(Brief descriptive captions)
⁂

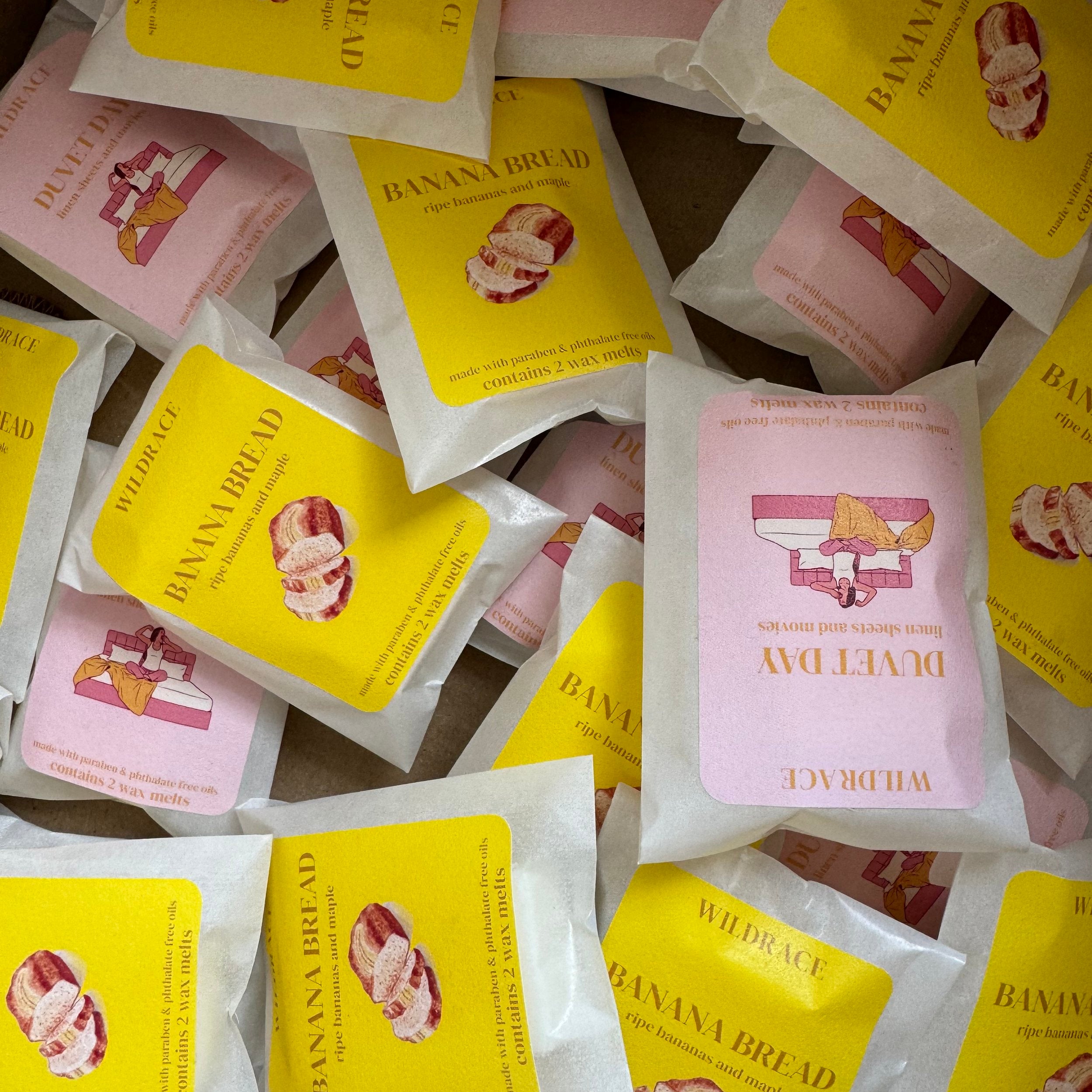 Wax Melts - Individual or Pick and Mix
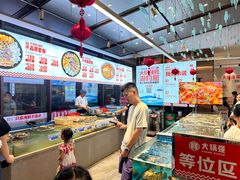 -大锅强·蒸海鲜青岛菜(城市阳台店)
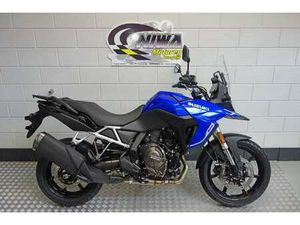 SUZUKI V-STROM 800 BLAUW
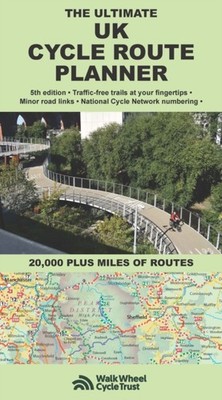ULTIMATE UK CYCLE ROUTE PLANNER MAP by PEACE, RICHARD Self Help Business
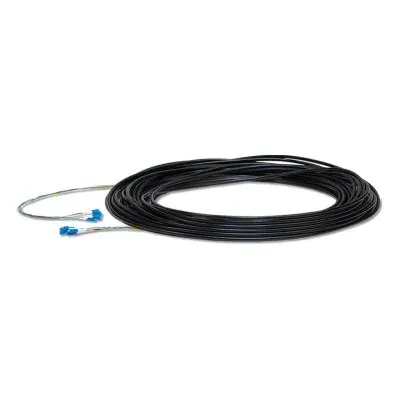 Cabo de Fibra Ótica Ubiquiti OS1 Simplex LC UPC Fiber Patch FC-SM-200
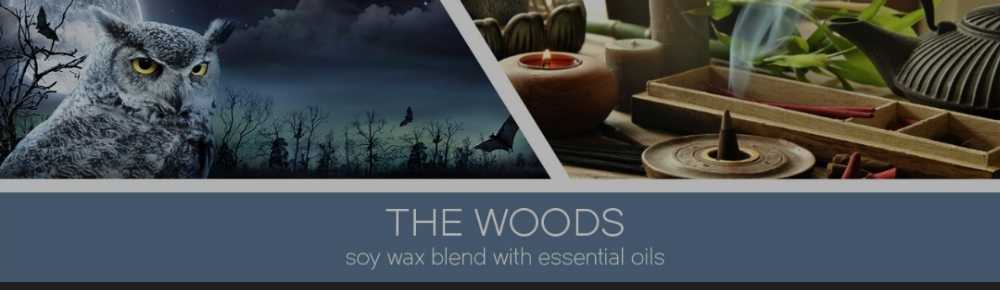 CANDLE: Halloween Goose Creek Woods 2021 - Goose Creek Candle (Halloween Candle) action figure collectible [Barcode 818489017873] - Main Image 4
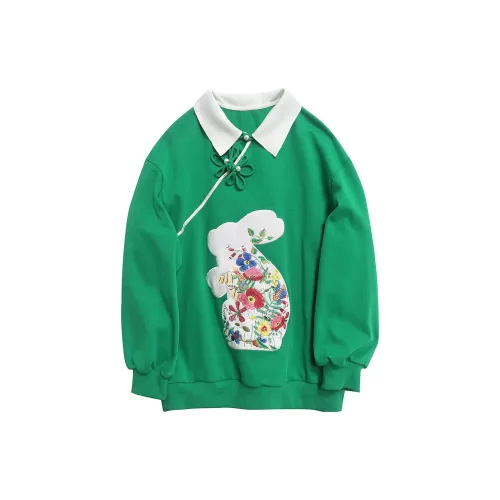 JK&JS Sweaters Women's Green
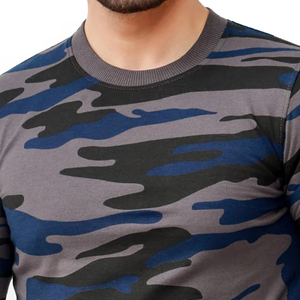 เสื้อสเวตเตอร์แขนยาวแบบสวมหัวเสื้อสเวตเชิ้ตแขนยาวแบบปกติสีที่กำหนดเอง - Product Image 5
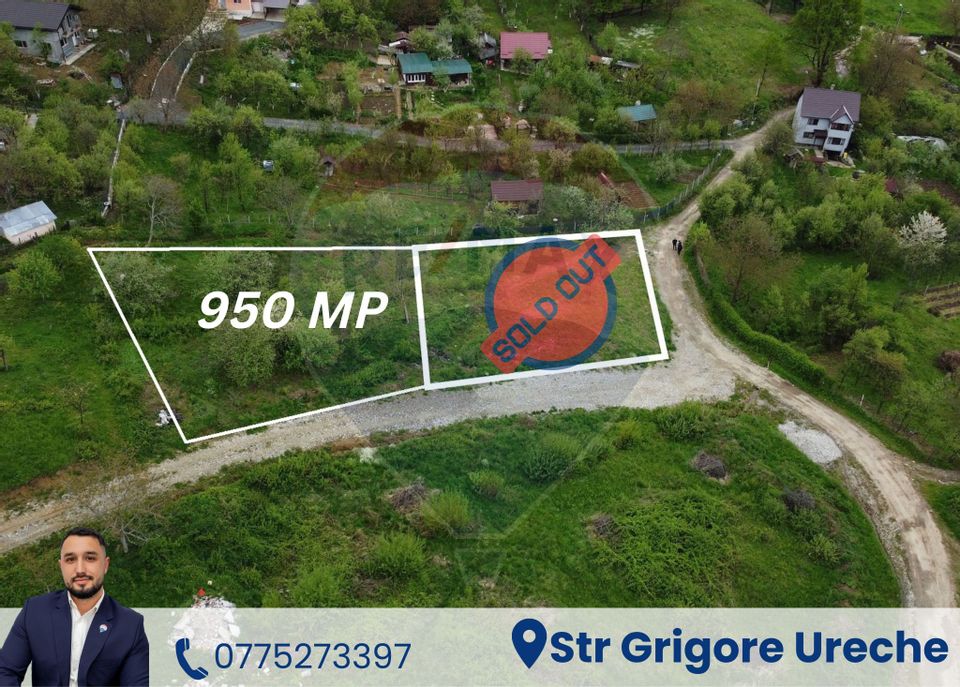 Land 950sqm Baia Mare / Strada Grigore Ureche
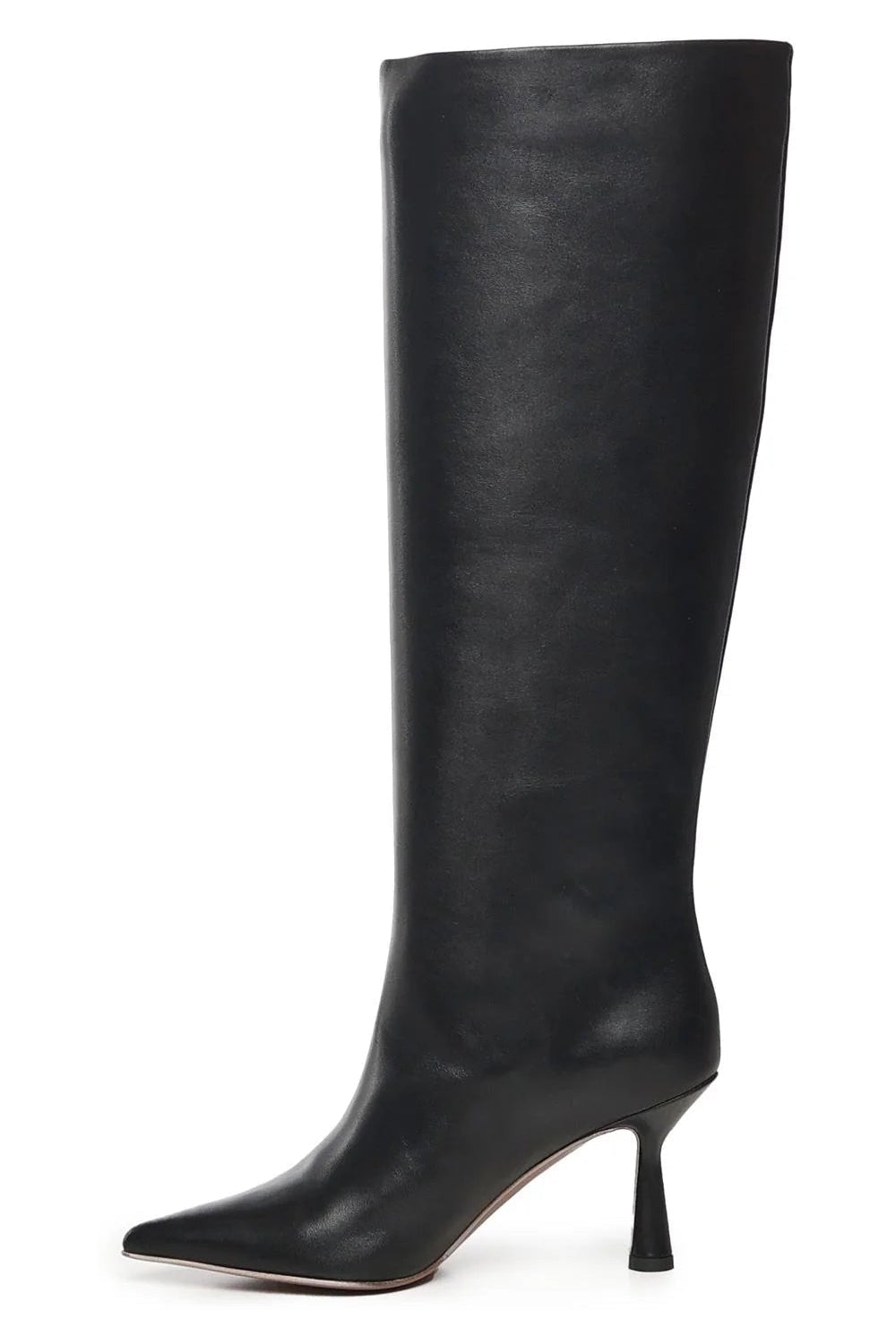 Lisa Boots | Black - Giuliano Galiano | Handcrafted Luxury Sneakers Made In Italy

⁂

TASK ITEM
Reproduce the data word for word without its images.

RESPONSE AREA
 Wax Melts - Individual or Pick and Mix
 -大锅强·蒸海鲜青岛菜(城市阳台店)
 SUZUKI V-STROM 800 BLAUW
ULTIMATE UK CYCLE ROUTE PLANNER MAP by PEACE, RICHARD Self Help Business
 Cabo de Fibra Ótica Ubiquiti OS1 Simplex LC UPC Fiber Patch FC-SM-200
 CANDLE: Halloween Goose Creek Woods 2021 - Goose Creek Candle (Halloween Candle) action figure collectible [Barcode 818489017873] - Main Image 4
 JK&JS Sweaters Women's Green
 เสื้อสเวตเตอร์แขนยาวแบบสวมหัวเสื้อสเวตเชิ้ตแขนยาวแบบปกติสีที่กำหนดเอง - Product Image 5
 Land 950sqm Baia Mare / Strada Grigore Ureche
 Lisa Boots | Black - Giuliano Galiano | Handcrafted Luxury Sneakers Made In Italy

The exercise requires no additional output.